= ZZJ Mundovisión =

Defunct Spanish TV channel

ZZJ Mundovisión was a Spanish television channel (based in Dos Hermanas, Seville) for deaf and blind people, and, later, a provider of subtitles for teletext services in Spain. It began in 1997 as a channel on the Vía Digital platform, but shut down in January 1999 and retrenched most of its staff. After this date and until the company's closure in 2002, its services were limited to subtitle provision. Most of its staff consisted of people with a sensory disability.

==History==
The channel was announced in July 1997, where it was announced as a charter channel on Vía Digital's launch offer. The channel would begin with a four-hour schedule (8pm to 12am), with goals of expanding to a 12 or 16-hour schedule later. It was a subscription channel, each subscription cost 1,000 pesetas.

The channel's programming had heavy use of audio description for blind viewers and subtitles for deaf viewers. The programming schedule was outlined as such: 15% news, 15% educational content and 70% entertainment (movies, TV series, cartoons and telenovelas).

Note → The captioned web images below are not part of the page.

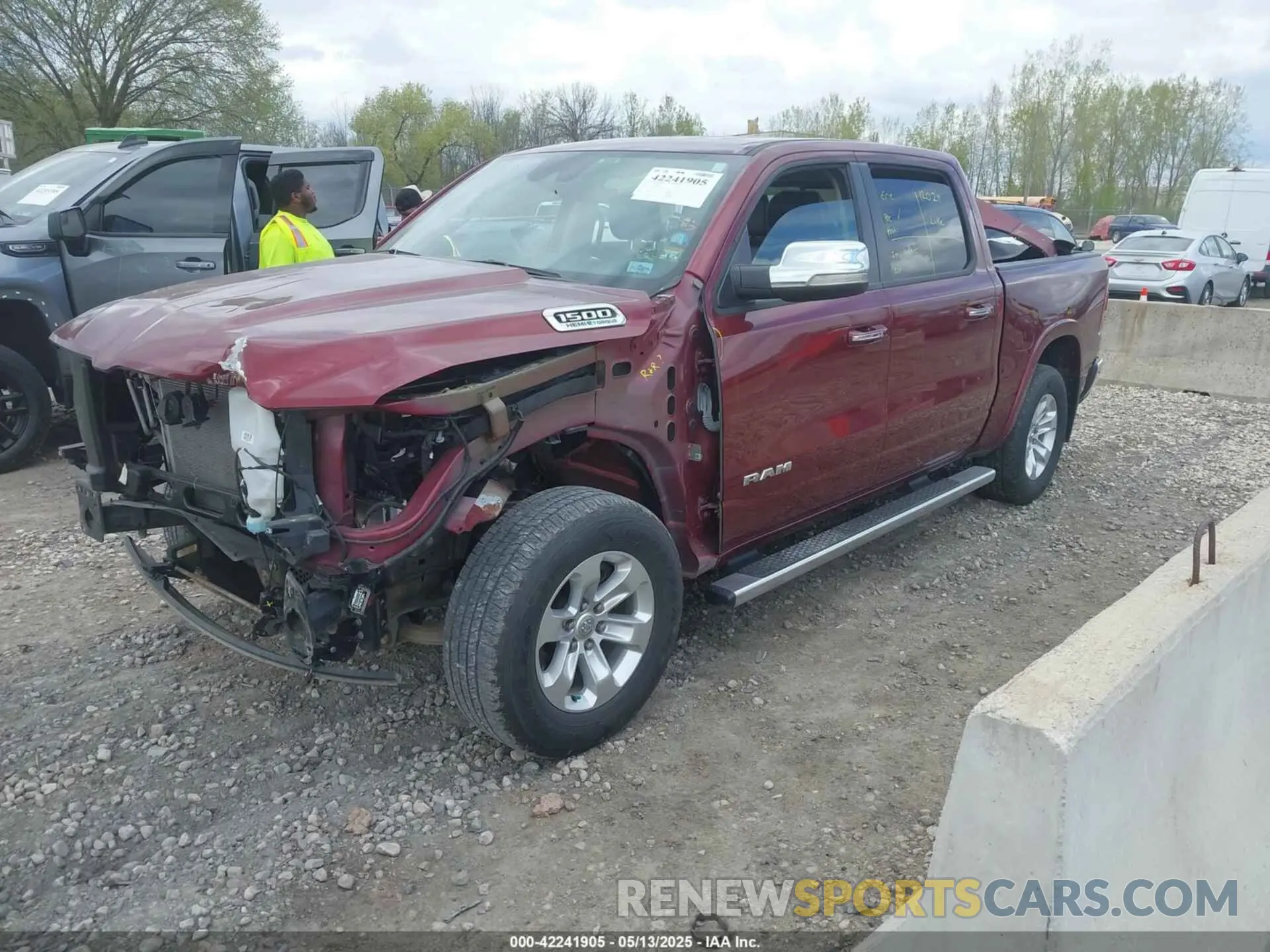 2 Photograph of a damaged car 1C6SRFJT9MN788514 RAM 1500 2021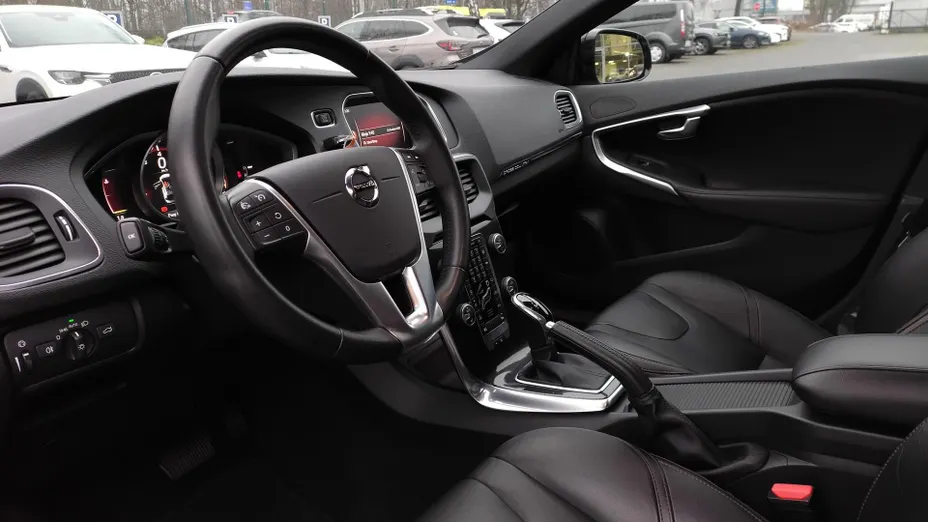 VOLVO V40 Cross Country V40 CC T3 Drive-E Summum aut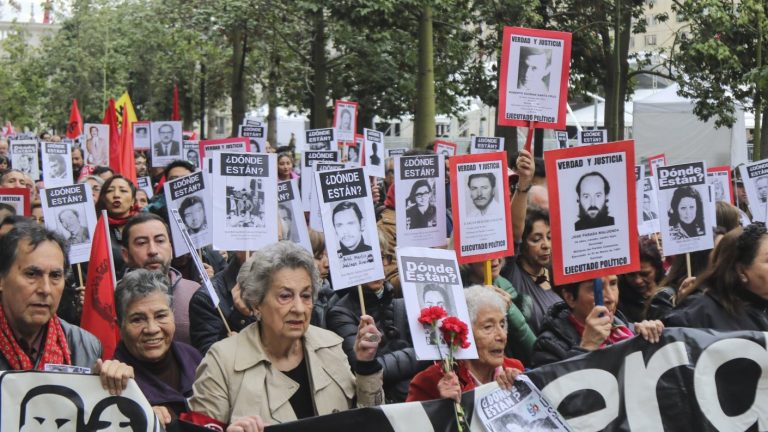 Romería al Cementerio General: Conoce los desvíos de tránsito para este domingo en la RM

On 22 January 1999, it ceased broadcasting and fired its 41 staff. According to the audiovisual sector, the decision was taken because of Antena 3's contract with ONCE, following the former's acquisition of Onda Cero, in which the group would create a similar channel targeting the same demographic, on the same platform. With this, ZZJ Mundovisión was limited to providing subtitling services for Canal Sur via teletext.

On 17 April 2000, it began providing 1,700 minutes per week of subtitles on Antena 3's teletext service.